Captioned web images:
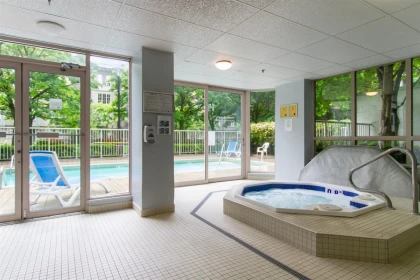 Hallway Photo of 112 14877 100 Avenue, Surrey, BC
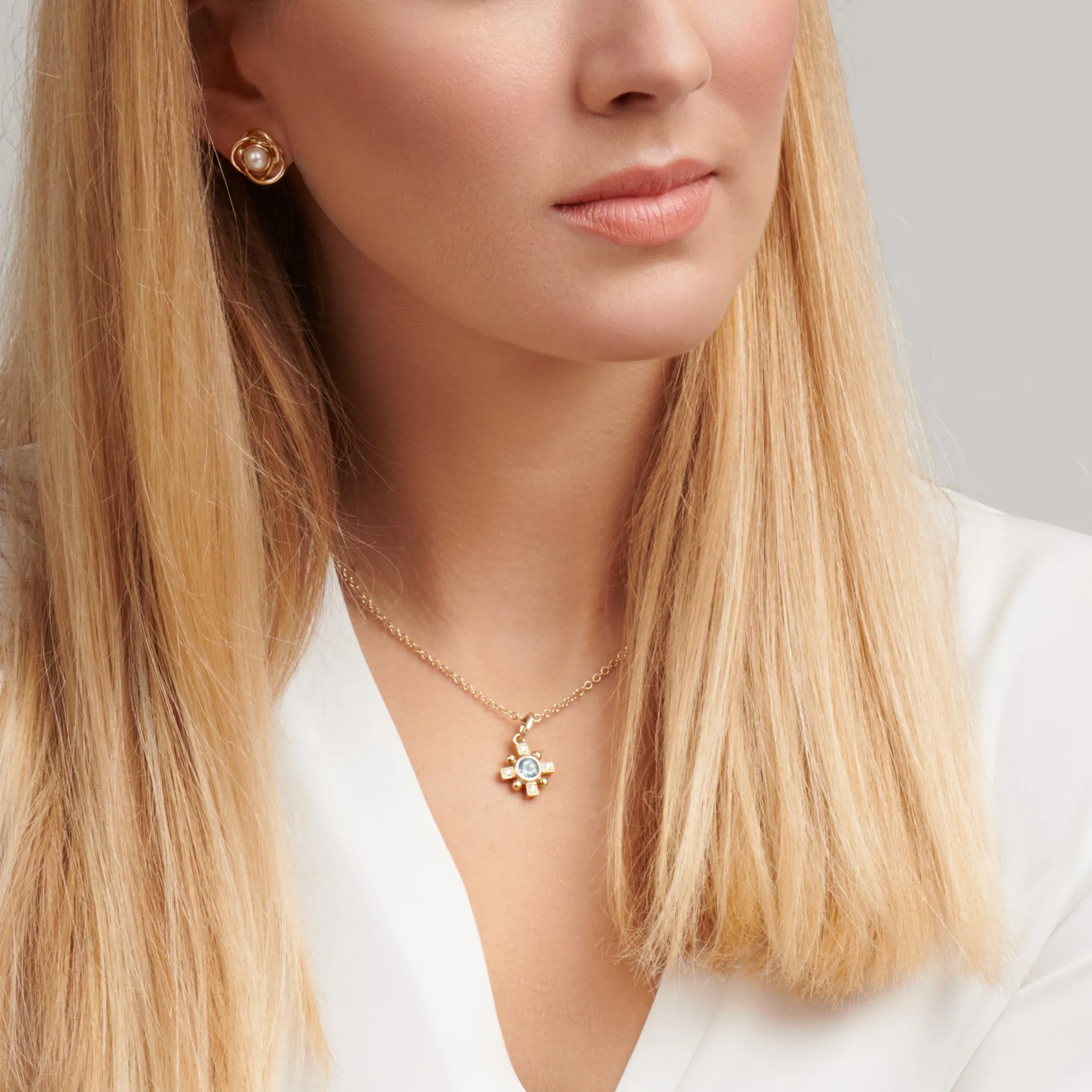 Quadro Cross Pendant Yellow Gold - Pearl & Diamond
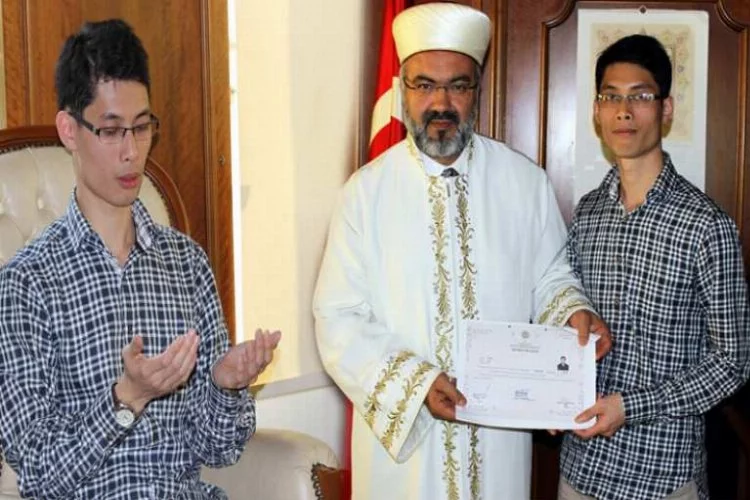 Vietnamlı ateist genç Bursa'da müslüman oldu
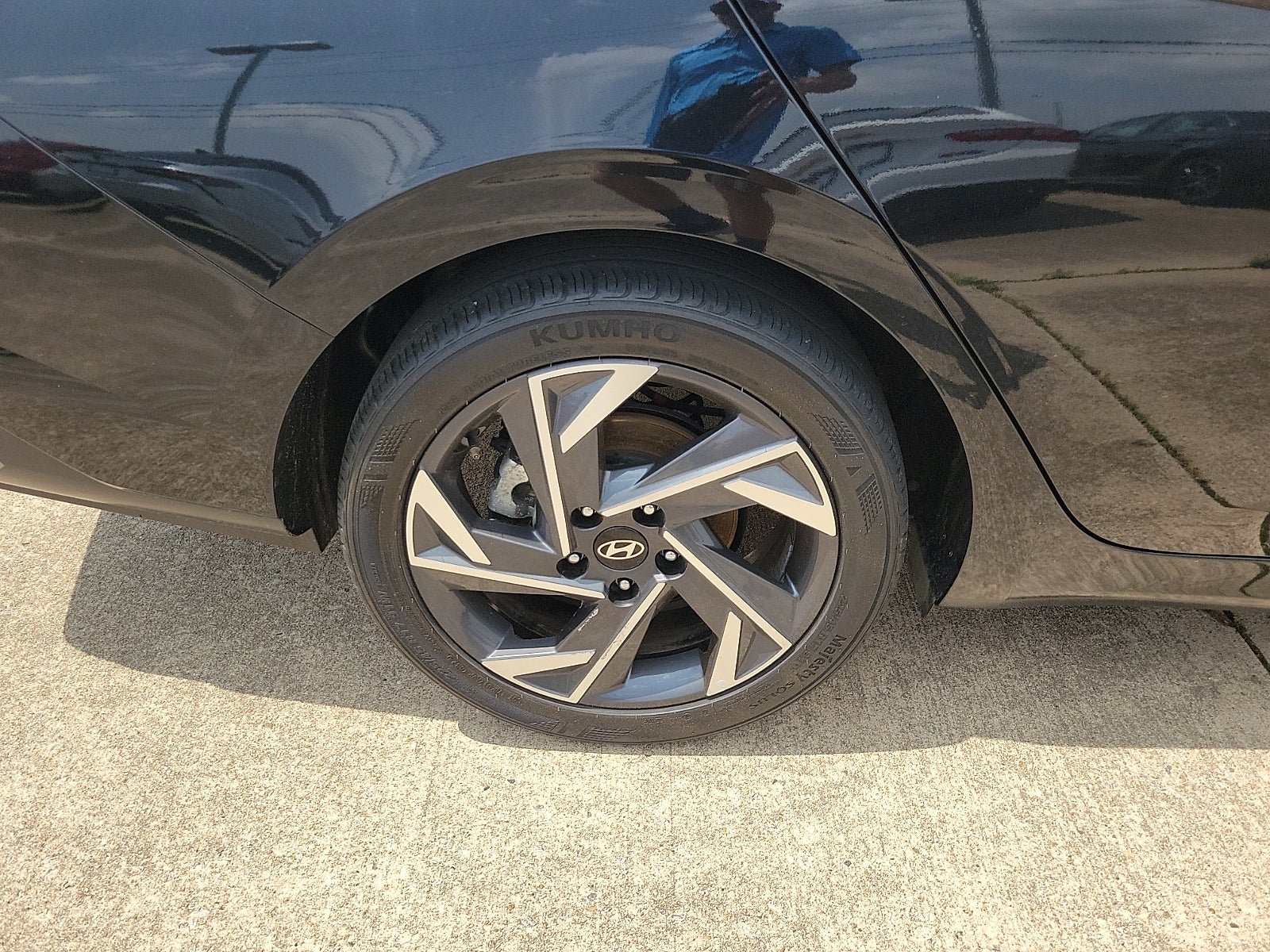 2024 Hyundai Elantra Limited
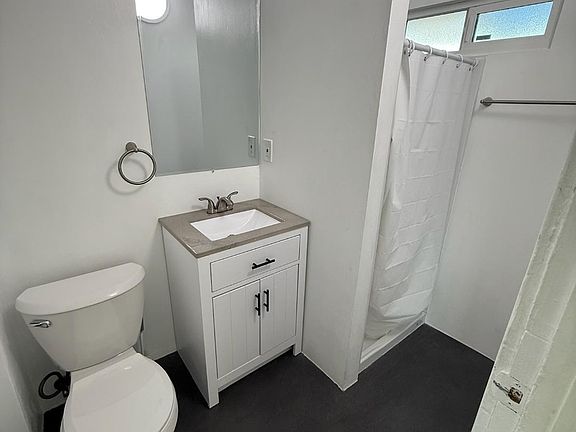 5th image of 559 Victoria Ave #559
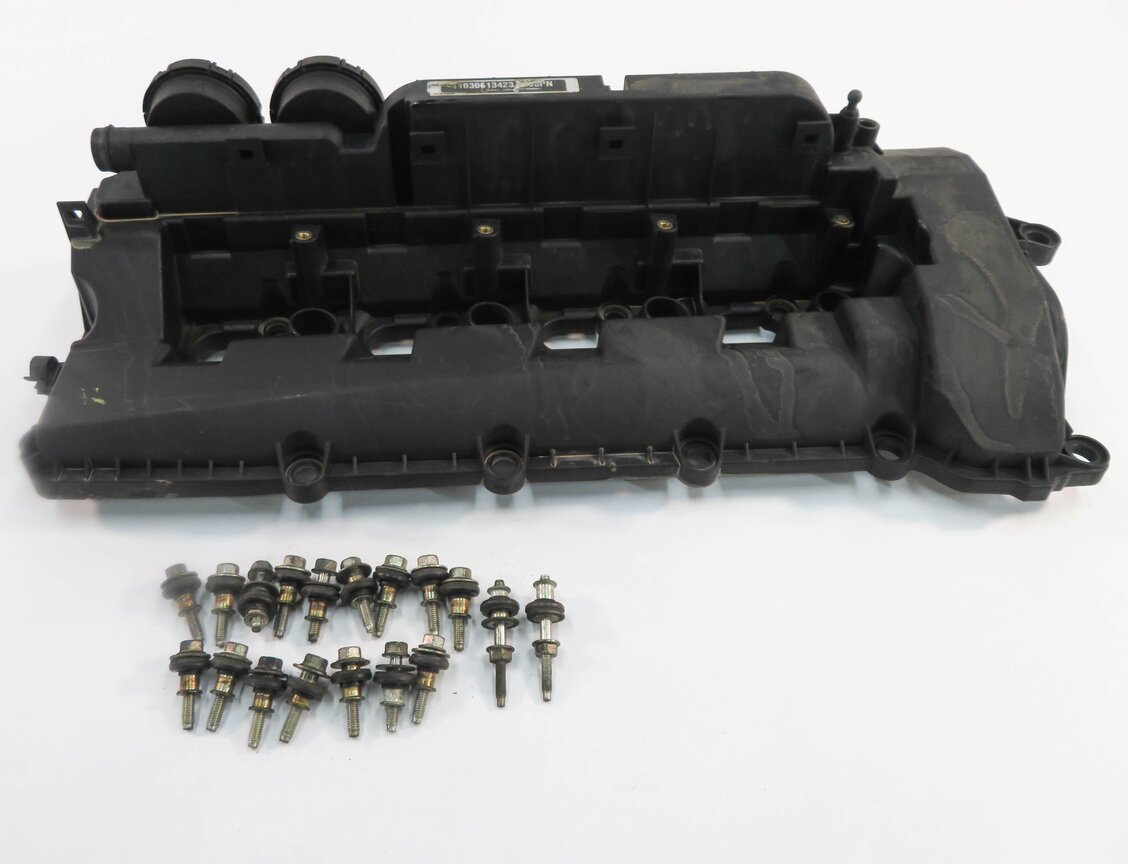 2010-2018 RANGE ROVER SPORT (L320 L322 L405 L494) 5.0L V8 - RIGHT VALVE COVER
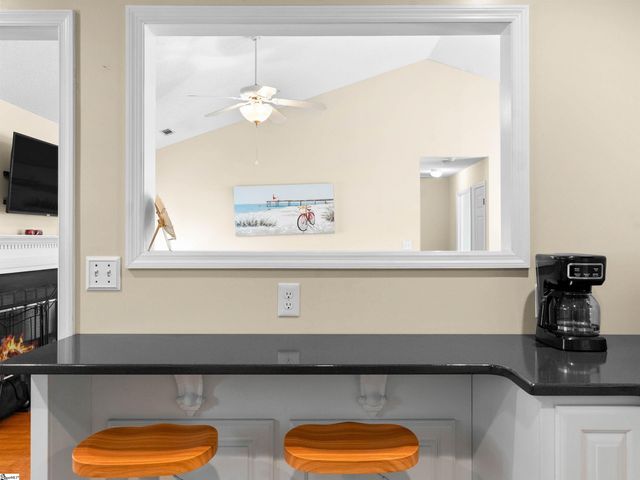 4 Flagstone Court, Simpsonville, SC 29681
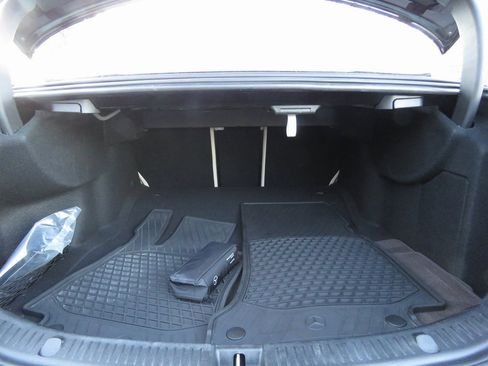 Used 2020 Mercedes-Benz E 350 4MATIC Sedan image 17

What to work on: None of the pictures should appear, though every line of the data above must be reproduced exactly.

Answer section:
 Hallway Photo of 112 14877 100 Avenue, Surrey, BC
 Quadro Cross Pendant Yellow Gold - Pearl & Diamond
 Vietnamlı ateist genç Bursa'da müslüman oldu
 2024 Hyundai Elantra Limited
 5th image of 559 Victoria Ave #559
 2010-2018 RANGE ROVER SPORT (L320 L322 L405 L494) 5.0L V8 - RIGHT VALVE COVER
 4 Flagstone Court, Simpsonville, SC 29681
 Used 2020 Mercedes-Benz E 350 4MATIC Sedan image 17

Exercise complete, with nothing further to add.